Brief descriptive captions

--------------------------------------------------

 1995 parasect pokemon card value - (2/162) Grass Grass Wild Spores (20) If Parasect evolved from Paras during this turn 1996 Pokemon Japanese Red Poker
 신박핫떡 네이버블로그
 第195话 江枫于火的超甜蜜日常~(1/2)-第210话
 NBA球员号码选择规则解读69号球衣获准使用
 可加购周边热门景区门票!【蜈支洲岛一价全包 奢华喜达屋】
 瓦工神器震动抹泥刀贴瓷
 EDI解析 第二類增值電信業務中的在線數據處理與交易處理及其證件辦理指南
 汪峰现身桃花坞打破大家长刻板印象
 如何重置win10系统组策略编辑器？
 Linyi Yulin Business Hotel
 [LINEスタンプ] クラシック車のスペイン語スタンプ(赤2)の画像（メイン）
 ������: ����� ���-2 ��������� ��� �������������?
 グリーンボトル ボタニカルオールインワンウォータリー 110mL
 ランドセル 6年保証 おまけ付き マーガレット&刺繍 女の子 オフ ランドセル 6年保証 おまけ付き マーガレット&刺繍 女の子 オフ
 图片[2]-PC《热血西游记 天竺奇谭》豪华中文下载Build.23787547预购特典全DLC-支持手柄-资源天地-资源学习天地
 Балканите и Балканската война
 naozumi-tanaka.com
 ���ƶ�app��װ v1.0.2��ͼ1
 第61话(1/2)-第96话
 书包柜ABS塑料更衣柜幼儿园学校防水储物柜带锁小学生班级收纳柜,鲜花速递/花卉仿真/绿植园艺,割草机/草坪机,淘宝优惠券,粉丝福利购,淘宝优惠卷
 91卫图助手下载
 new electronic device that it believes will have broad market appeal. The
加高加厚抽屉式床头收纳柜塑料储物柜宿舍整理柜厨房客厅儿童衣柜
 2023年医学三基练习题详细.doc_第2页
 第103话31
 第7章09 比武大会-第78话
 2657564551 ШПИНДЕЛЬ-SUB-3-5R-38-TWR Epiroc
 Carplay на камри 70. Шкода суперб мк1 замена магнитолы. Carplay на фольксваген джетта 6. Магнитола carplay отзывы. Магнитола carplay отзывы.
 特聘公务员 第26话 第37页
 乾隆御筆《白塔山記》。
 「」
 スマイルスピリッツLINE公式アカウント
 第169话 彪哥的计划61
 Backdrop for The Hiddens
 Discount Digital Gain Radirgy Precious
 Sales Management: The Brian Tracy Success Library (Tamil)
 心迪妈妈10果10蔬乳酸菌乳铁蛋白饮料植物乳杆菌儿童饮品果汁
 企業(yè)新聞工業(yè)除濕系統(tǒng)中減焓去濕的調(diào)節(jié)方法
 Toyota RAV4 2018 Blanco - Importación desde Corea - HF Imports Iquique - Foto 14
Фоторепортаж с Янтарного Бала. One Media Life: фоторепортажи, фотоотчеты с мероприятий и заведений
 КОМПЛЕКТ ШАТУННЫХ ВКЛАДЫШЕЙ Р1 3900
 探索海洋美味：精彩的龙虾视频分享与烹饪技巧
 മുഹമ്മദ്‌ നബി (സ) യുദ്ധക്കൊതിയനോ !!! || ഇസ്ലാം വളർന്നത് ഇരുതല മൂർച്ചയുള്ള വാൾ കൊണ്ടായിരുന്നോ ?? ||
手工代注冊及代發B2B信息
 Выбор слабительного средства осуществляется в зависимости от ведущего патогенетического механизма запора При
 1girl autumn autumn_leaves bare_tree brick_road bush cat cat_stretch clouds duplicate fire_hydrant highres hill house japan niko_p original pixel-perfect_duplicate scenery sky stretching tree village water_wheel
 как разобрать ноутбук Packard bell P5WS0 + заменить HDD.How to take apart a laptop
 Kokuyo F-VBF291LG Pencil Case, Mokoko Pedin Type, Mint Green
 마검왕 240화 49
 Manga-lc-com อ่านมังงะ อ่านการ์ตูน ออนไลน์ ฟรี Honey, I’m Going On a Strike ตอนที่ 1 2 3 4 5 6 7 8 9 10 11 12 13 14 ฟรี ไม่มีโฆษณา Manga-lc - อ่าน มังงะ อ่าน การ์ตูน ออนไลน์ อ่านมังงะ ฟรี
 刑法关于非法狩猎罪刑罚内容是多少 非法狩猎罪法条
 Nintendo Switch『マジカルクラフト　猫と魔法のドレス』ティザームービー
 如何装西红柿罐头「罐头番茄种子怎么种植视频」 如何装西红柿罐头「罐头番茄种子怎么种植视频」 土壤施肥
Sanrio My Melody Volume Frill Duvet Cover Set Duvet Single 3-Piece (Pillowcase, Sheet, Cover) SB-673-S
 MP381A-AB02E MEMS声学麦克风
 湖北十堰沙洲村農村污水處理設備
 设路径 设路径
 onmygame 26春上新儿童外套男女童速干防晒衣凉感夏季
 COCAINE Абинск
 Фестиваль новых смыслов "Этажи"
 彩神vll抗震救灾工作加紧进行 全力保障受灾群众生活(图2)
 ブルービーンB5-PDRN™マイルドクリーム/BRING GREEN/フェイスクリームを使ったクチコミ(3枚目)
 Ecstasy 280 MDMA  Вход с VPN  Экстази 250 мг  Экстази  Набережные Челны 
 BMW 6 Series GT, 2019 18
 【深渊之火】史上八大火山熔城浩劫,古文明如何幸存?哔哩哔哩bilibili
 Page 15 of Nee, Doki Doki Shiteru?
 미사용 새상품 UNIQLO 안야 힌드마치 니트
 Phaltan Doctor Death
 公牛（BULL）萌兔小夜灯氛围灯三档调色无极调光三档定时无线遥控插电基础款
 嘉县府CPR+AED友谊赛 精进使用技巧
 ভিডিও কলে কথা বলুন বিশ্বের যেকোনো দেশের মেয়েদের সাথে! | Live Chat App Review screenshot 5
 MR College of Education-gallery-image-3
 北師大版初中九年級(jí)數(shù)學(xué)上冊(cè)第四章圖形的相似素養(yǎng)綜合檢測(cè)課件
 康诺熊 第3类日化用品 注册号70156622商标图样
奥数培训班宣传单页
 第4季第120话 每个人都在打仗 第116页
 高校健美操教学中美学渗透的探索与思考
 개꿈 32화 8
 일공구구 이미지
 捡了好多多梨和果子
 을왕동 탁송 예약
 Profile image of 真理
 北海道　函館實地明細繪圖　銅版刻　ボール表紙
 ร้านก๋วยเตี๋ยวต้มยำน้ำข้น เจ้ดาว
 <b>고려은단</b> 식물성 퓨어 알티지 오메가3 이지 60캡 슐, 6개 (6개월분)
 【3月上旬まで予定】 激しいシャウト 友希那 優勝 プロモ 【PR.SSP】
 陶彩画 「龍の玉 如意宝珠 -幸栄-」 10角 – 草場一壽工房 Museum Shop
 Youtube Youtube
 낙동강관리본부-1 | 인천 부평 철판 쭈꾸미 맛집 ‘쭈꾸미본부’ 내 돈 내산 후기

--------------------------------------------------

:: Exercise objective ::
Could you return exactly the lines above from the line with "第169话 彪哥的计划61" to the line with "Ecstasy 280 MDMA", both included, and nothing else?

:: Response area ::
 第169话 彪哥的计划61
 Backdrop for The Hiddens
 Discount Digital Gain Radirgy Precious
 Sales Management: The Brian Tracy Success Library (Tamil)
 心迪妈妈10果10蔬乳酸菌乳铁蛋白饮料植物乳杆菌儿童饮品果汁
 企業(yè)新聞工業(yè)除濕系統(tǒng)中減焓去濕的調(diào)節(jié)方法
 Toyota RAV4 2018 Blanco - Importación desde Corea - HF Imports Iquique - Foto 14
Фоторепортаж с Янтарного Бала. One Media Life: фоторепортажи, фотоотчеты с мероприятий и заведений
 КОМПЛЕКТ ШАТУННЫХ ВКЛАДЫШЕЙ Р1 3900
 探索海洋美味：精彩的龙虾视频分享与烹饪技巧
 മുഹമ്മദ്‌ നബി (സ) യുദ്ധക്കൊതിയനോ !!! || ഇസ്ലാം വളർന്നത് ഇരുതല മൂർച്ചയുള്ള വാൾ കൊണ്ടായിരുന്നോ ?? ||
手工代注冊及代發B2B信息
 Выбор слабительного средства осуществляется в зависимости от ведущего патогенетического механизма запора При
 1girl autumn autumn_leaves bare_tree brick_road bush cat cat_stretch clouds duplicate fire_hydrant highres hill house japan niko_p original pixel-perfect_duplicate scenery sky stretching tree village water_wheel
 как разобрать ноутбук Packard bell P5WS0 + заменить HDD.How to take apart a laptop
 Kokuyo F-VBF291LG Pencil Case, Mokoko Pedin Type, Mint Green
 마검왕 240화 49
 Manga-lc-com อ่านมังงะ อ่านการ์ตูน ออนไลน์ ฟรี Honey, I’m Going On a Strike ตอนที่ 1 2 3 4 5 6 7 8 9 10 11 12 13 14 ฟรี ไม่มีโฆษณา Manga-lc - อ่าน มังงะ อ่าน การ์ตูน ออนไลน์ อ่านมังงะ ฟรี
 刑法关于非法狩猎罪刑罚内容是多少 非法狩猎罪法条
 Nintendo Switch『マジカルクラフト　猫と魔法のドレス』ティザームービー
 如何装西红柿罐头「罐头番茄种子怎么种植视频」 如何装西红柿罐头「罐头番茄种子怎么种植视频」 土壤施肥
Sanrio My Melody Volume Frill Duvet Cover Set Duvet Single 3-Piece (Pillowcase, Sheet, Cover) SB-673-S
 MP381A-AB02E MEMS声学麦克风
 湖北十堰沙洲村農村污水處理設備
 设路径 设路径
 onmygame 26春上新儿童外套男女童速干防晒衣凉感夏季
 COCAINE Абинск
 Фестиваль новых смыслов "Этажи"
 彩神vll抗震救灾工作加紧进行 全力保障受灾群众生活(图2)
 ブルービーンB5-PDRN™マイルドクリーム/BRING GREEN/フェイスクリームを使ったクチコミ(3枚目)
 Ecstasy 280 MDMA  Вход с VPN  Экстази 250 мг  Экстази  Набережные Челны 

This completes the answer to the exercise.